‘Online Harassment Transcends Borders,’ Says Filmmaker Cynthia Lowen
By WAF Editors
The documentary NETIZENS, which premiered at the Tribeca Film Festival in 2018, features three women: Brooklyn attorney Carrie Goldberg, Feminist Frequency founder Anita Sarkeesian and commodities trader Tina Reine, who are the targets of vicious cyber attacks. The camera follows them as they confront digital abuse and strive for equality and justice online.
Cynthia Lowen, filmmaker and director of NETIZENS, discusses the upcoming community screening tour in the US which aims to “empower audiences to take an active role in fostering constructive digital communities,” according to the director.
WAF: Why did you decide to do a film on cyber-harassment against women in particular?
Cynthia Lowen (CL): Although both men and women are targets of online threats, harassment, and privacy violations, I found that the ways in which women are targeted are unique and speak to the broader issue of gender discrimination and inequality in our culture.
For example, women are much more likely to be the targets of “revenge porn” or nonconsensual image exploitation. I think this is because these images are far more damaging to women than to men because of our attitudes about women and sexuality. When women are threatened with violence, those threats are generally very sexually graphic in nature and speak to the epidemic of sexual assault that plagues our communities and schools. Women are also more likely to be the victims of stalking and intimate partner violence, which has gone online in the digital age. As Anita Sarkeesian says in the film, “It’s not like misogyny was invented when the internet was invented,” but the internet has revealed a lot about the negative attitudes toward women that are pervasive and shown how determined some people are to silence women who dare to speak out.
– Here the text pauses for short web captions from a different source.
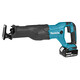 MAKITA 18 V Reciprozaag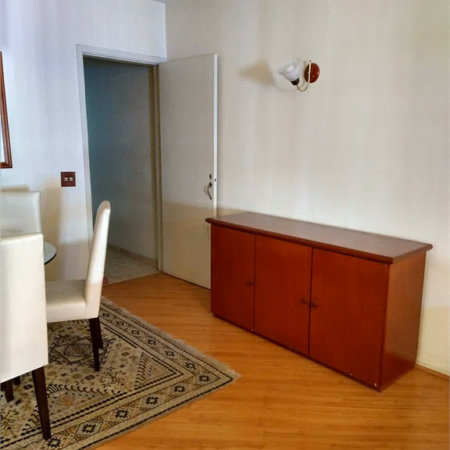 Casa à venda com 3 quartos, sendo 1 suíte, em Vila Madalena, São Paulo, SP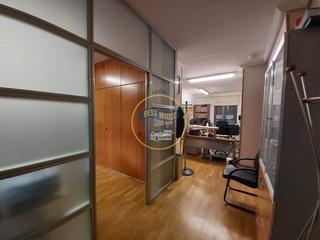 Appartement à Centro Ciudad. Piso a la venta en el centro de león, junto a san marcos.
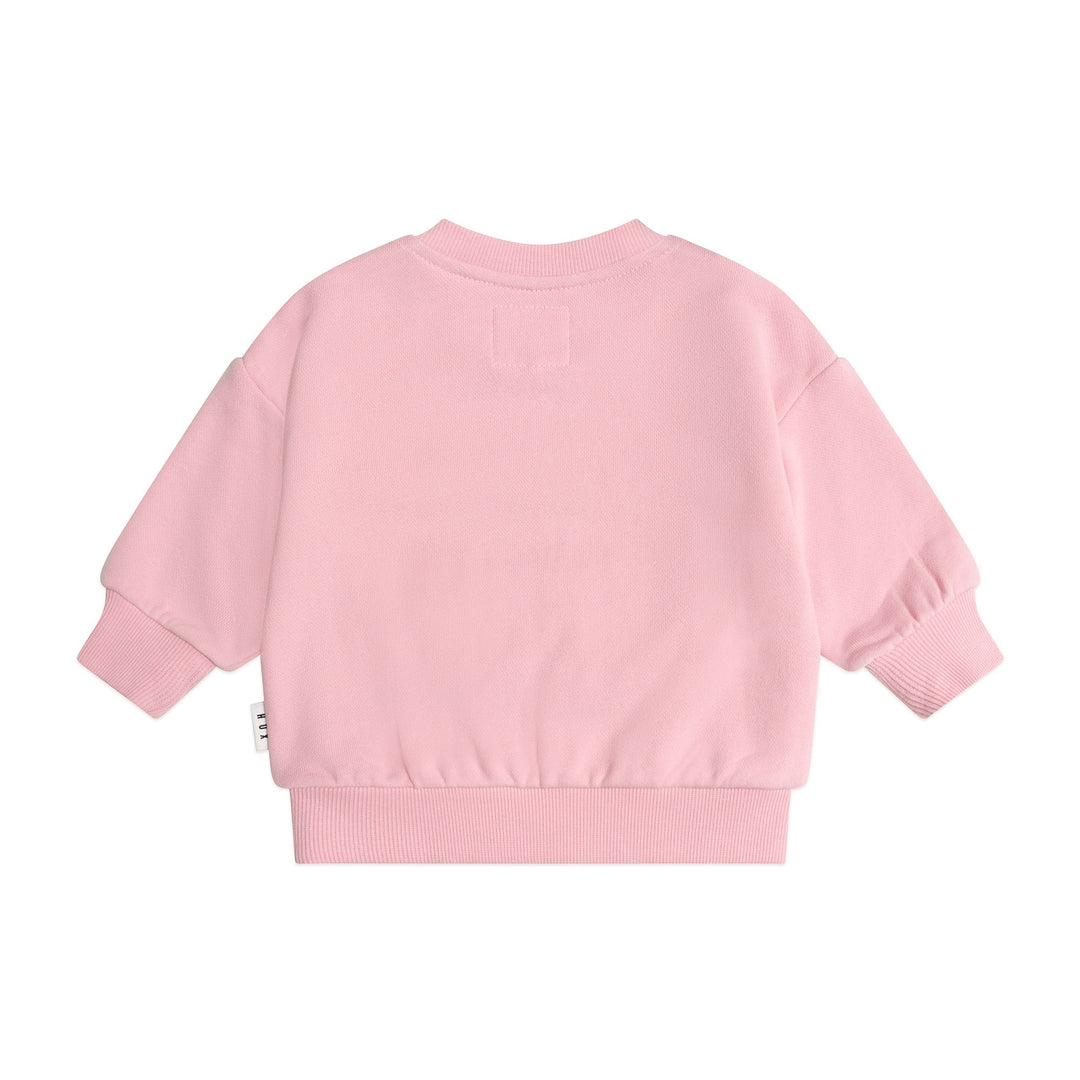 Huxbaby Cherry Pie Sweatshirt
WAF: Do you think online harassment is worse in the US compared to other countries? Is it a cultural, generational problem?
CL: “Netizens” has screened all over the world, from the US to Mexico to Russia to Ireland to Korea and beyond, and what I have found is that online harassment transcends borders. Although the ways in which it manifests are unique to different countries and cultures, what is consistent is that marginalized and vulnerable people are disproportionately affected and that women around the world are victims of intimate privacy violations—and it can have deadly consequences. I think the fundamental issue is that we are all walking around with very powerful tools—our networked phones and computers that are equipped with cameras and internet access—and that this is kind of the best and worst thing that has happened to us. On the one hand, it enables us to Facetime with family members around the world or organize transformative social movements; on the other it gives us the power to spread disinformation or humiliate people or foment a cyber mob with the click of a button.
WAF: How do you think your film and these community screening tours you’re starting now will promote a call for action on policy makers and reduce online harassment against women?
CL: My hope for “Netizens” is that it can shift our perspectives about online violence from the notion it’s “not real” or “just the internet” to depicting how far-reaching this problem is. Through these community screenings, I want audiences to witness how every aspect of a target’s life is transformed—her personal safety, her ability to get a job, her education, her relationships with her family—and to hopefully understand the issue differently. It’s not just something that happens on the internet and stays online; these acts have very real consequences. We are all too tragically learning in the wake of an epidemic of mass shootings, that often the perpetrator had expressed violence toward women online beforehand. I hope that “Netizens” inspires audiences to feel that they do have to accept online harassment as a “normal” part of our digital communities and that they have agency to demand far greater safety and privacy protections from our tech companies, policymakers, and law enforcement official.
WAF: What’s next for you?
CL: I’m currently developing a new project about the role doctors played in the opioid epidemic—among some other things. Stay tuned.
TOP PHOTO: Media critic and creator of “Feminist Frequency” web-series Anita Sarkeesian working on her computer in Netizens, directed by Cynthia Lowen. Courtesy of Train of Thought Productions.